Mormon women, despite sharing a faith with Mitt Romney, are also showing support for Obama. Joanna Brooks, author of “The Book of Mormon Girl,” wrote a guest piece for On Faith in which she interviewed nine Mormon women who are voting for Obama:
Mormon women honor the religion we share with Republican presidential candidate Mitt Romney. But on Election Day, thousands and thousands of us will cast our votes in support of President Obama.

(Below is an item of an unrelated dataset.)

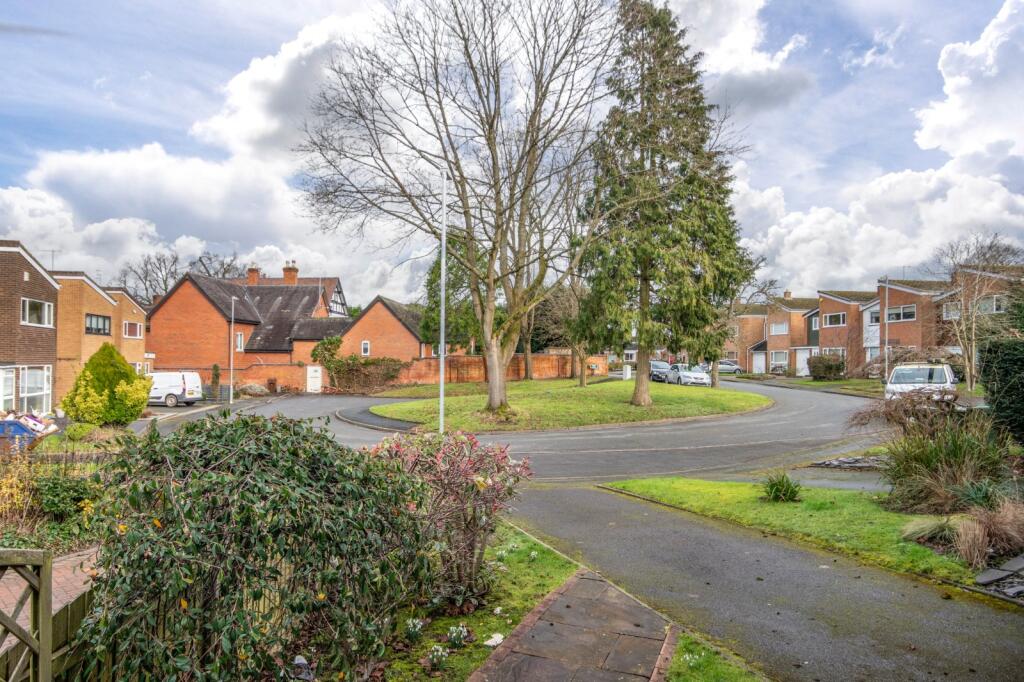 Additional property image - Warwick Hall Gardens, Bromsgrove, Worcestershire, B60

As a writer who has followed closely the role of faith in this campaign, I have witnessed how progressive Mormon women are finding their voices in this historic moment. A week ago, I took to the Internet to ask Mormon women who support Obama to share how their faith informs their vote. I heard from stay-at-home mothers, nurses, lawyers, hairstylists, and college professors, women with children small and grown, white women and women of color, from California to New Hampshire—and in key states like Nevada, Colorado and Florida. . . .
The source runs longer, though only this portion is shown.